→ Required action: Repeat, word for word, all the data that follows, and exclude the pictures.

──────────────────────────────

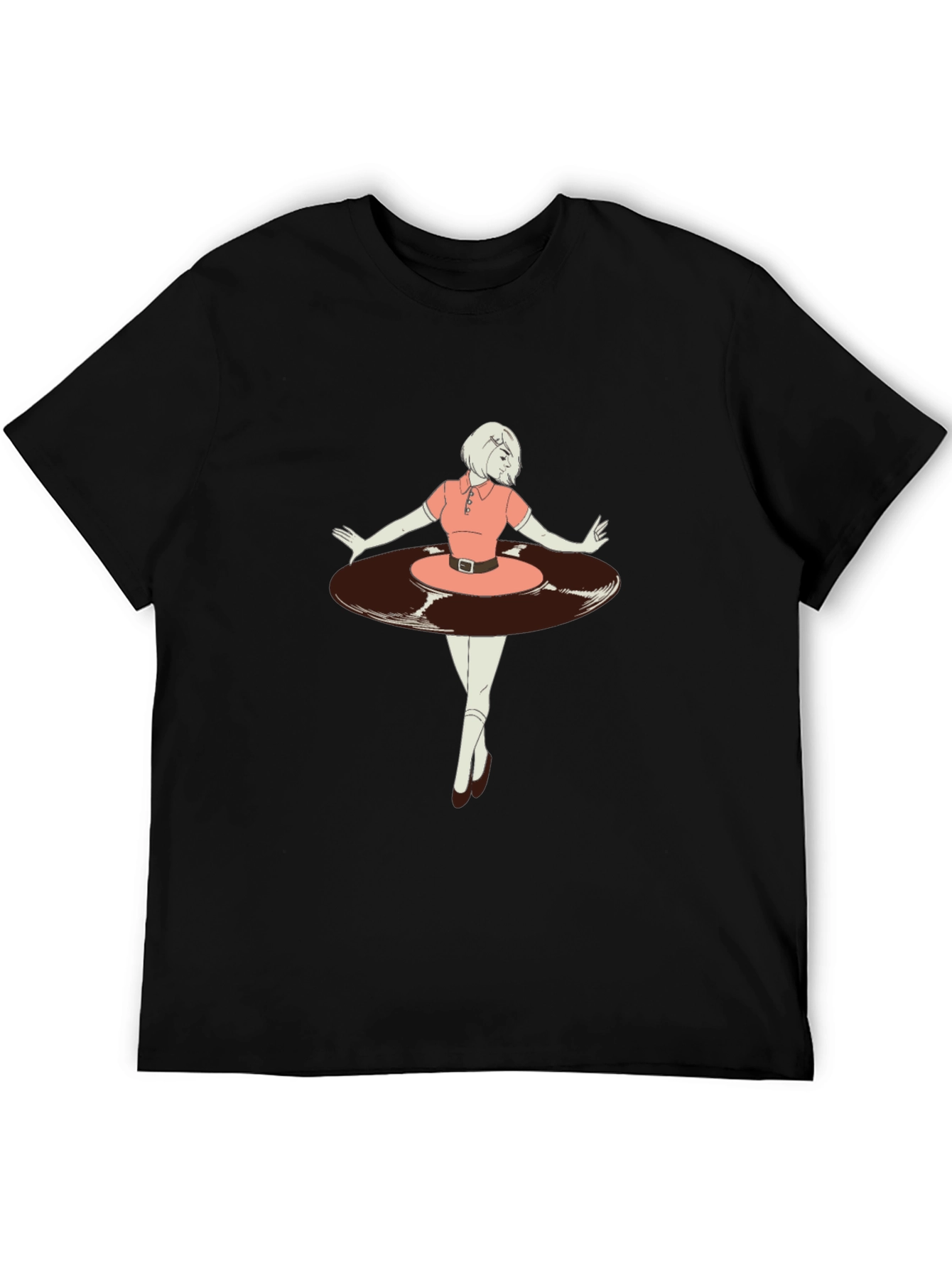 Retro Vinyl Girl Graphic T-Shirt - Black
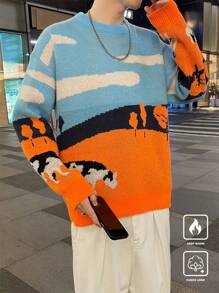 Claim Dot Men's Contrast Color Graphic Print Crew Neck Long Sleeve Sweater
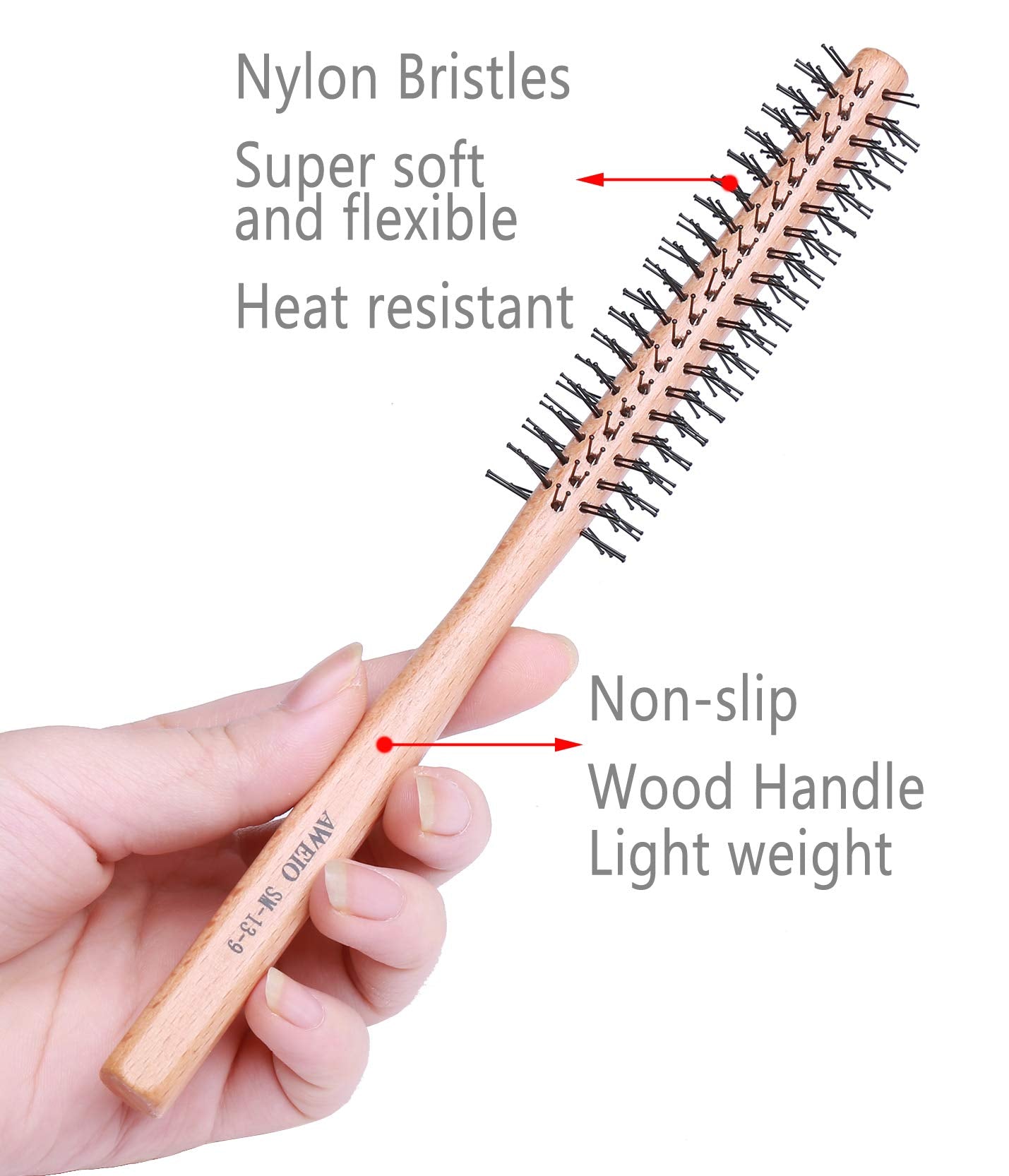 PerfeHair Small Round Barrel Brush for Short Hair, 1 Inch Mini Quiff Roller Comb for Women and Men, Best for Styling Thin Hair, Bangs, Beard Perfehair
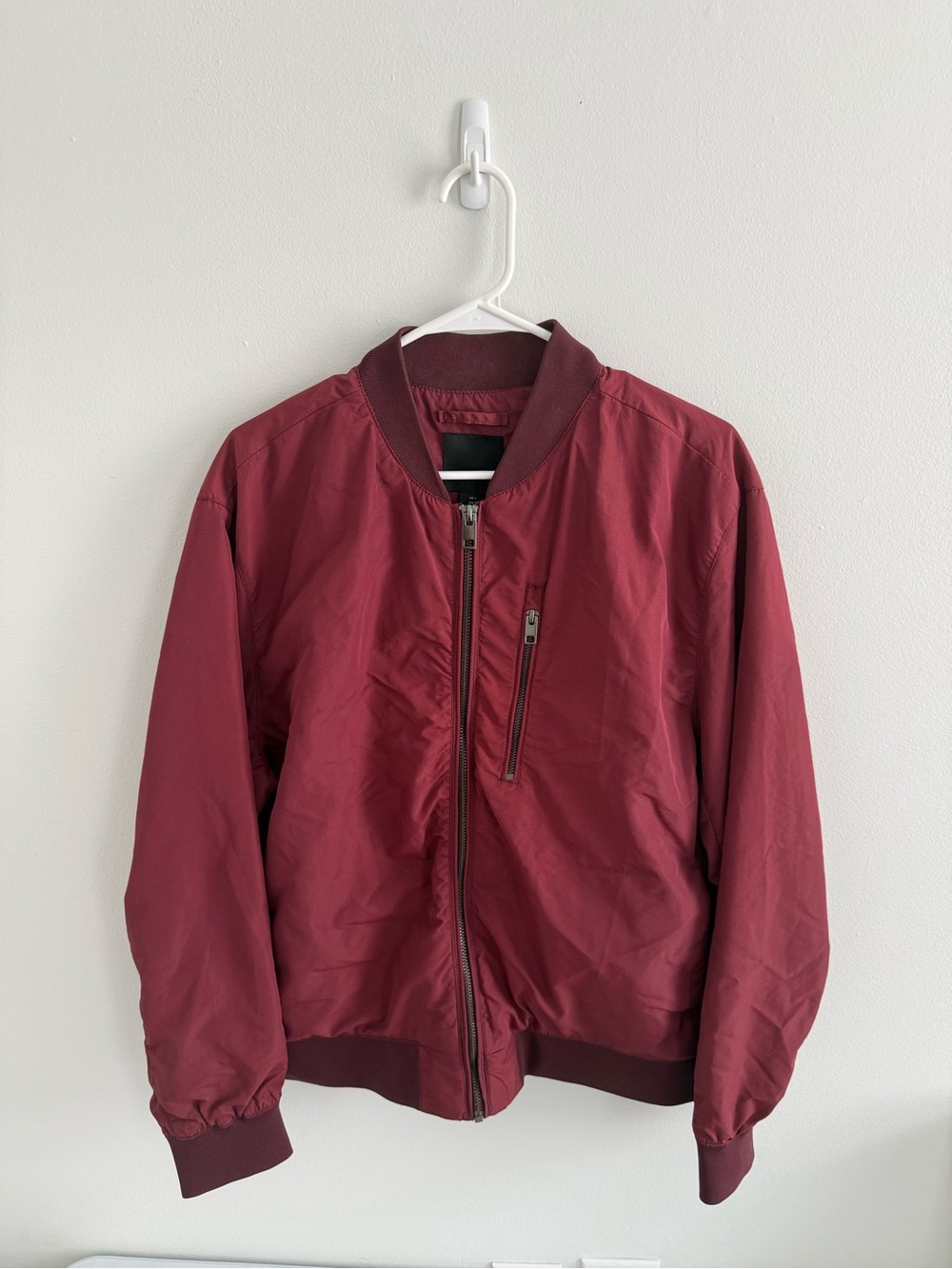 H&M Burgundy Bomber Jacket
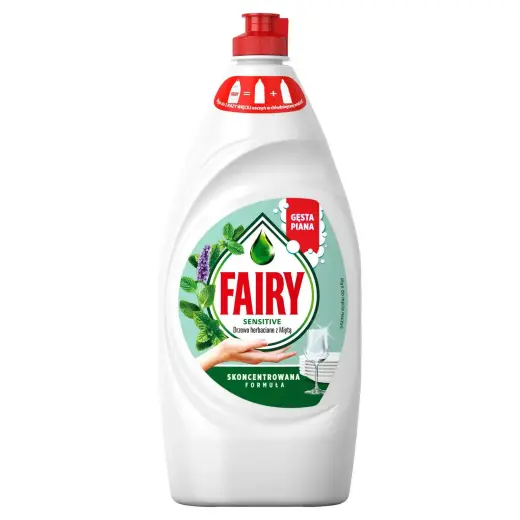 Trauku mazgāšanas līdzeklis FAIRY Sensitive Tea Tree & Mint, 900 ml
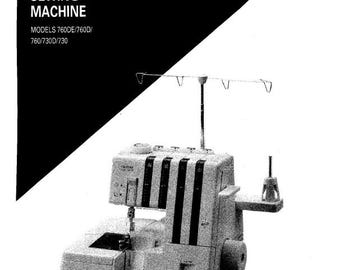 Brother Homelock 760DE 760D 760 730D 730 Overlocker / Serger Instruction Manual Vintage PDF Home Lock Manual User Guide Instant Download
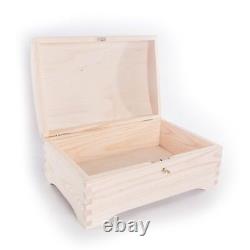 Selection of Wooden Chest Storage Boxes / Plain Wood / Small & Large Trunk Box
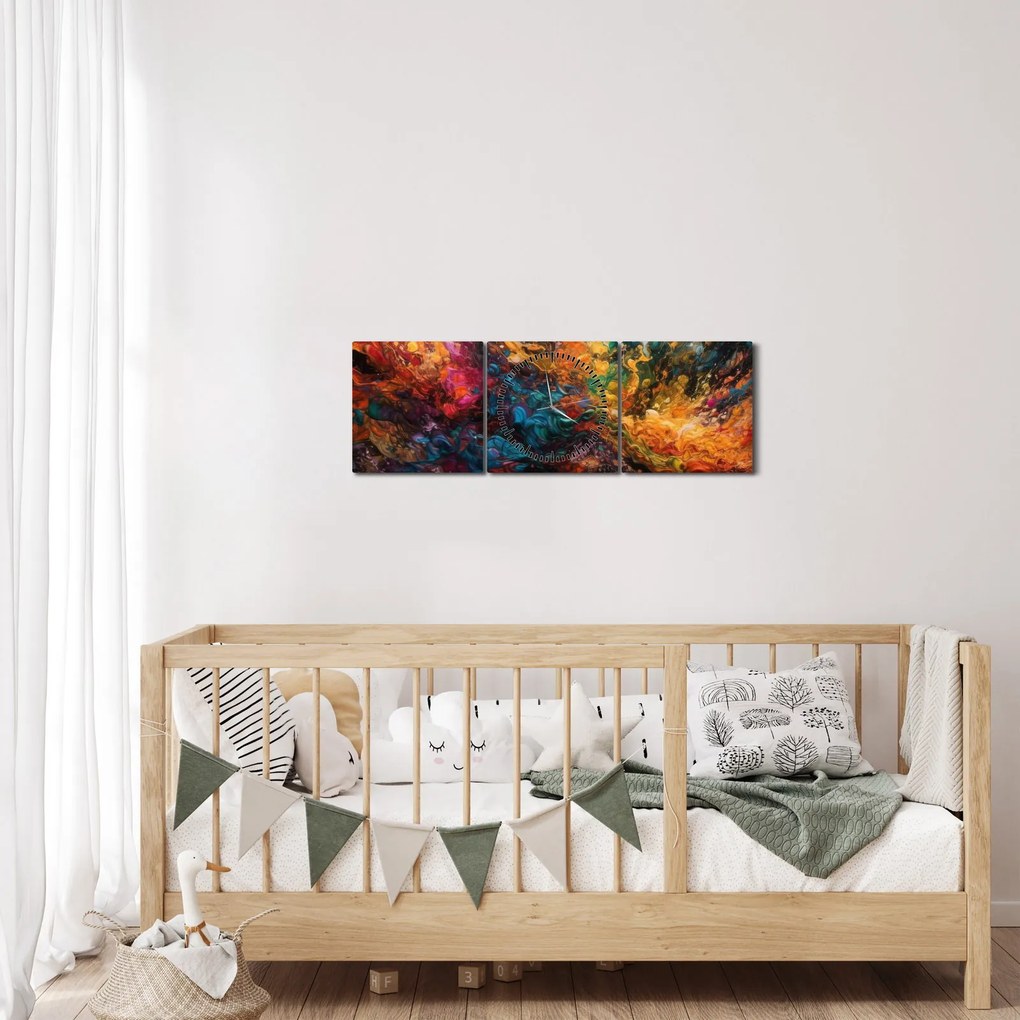Tablou - Abstracția culorilor II. (cu ceas) (90x30 cm)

──────────────────────────────

→ Written solution:
 Retro Vinyl Girl Graphic T-Shirt - Black
 Claim Dot Men's Contrast Color Graphic Print Crew Neck Long Sleeve Sweater
 PerfeHair Small Round Barrel Brush for Short Hair, 1 Inch Mini Quiff Roller Comb for Women and Men, Best for Styling Thin Hair, Bangs, Beard Perfehair
 H&M Burgundy Bomber Jacket
 Trauku mazgāšanas līdzeklis FAIRY Sensitive Tea Tree & Mint, 900 ml
 Brother Homelock 760DE 760D 760 730D 730 Overlocker / Serger Instruction Manual Vintage PDF Home Lock Manual User Guide Instant Download
 Selection of Wooden Chest Storage Boxes / Plain Wood / Small & Large Trunk Box
Tablou - Abstracția culorilor II. (cu ceas) (90x30 cm)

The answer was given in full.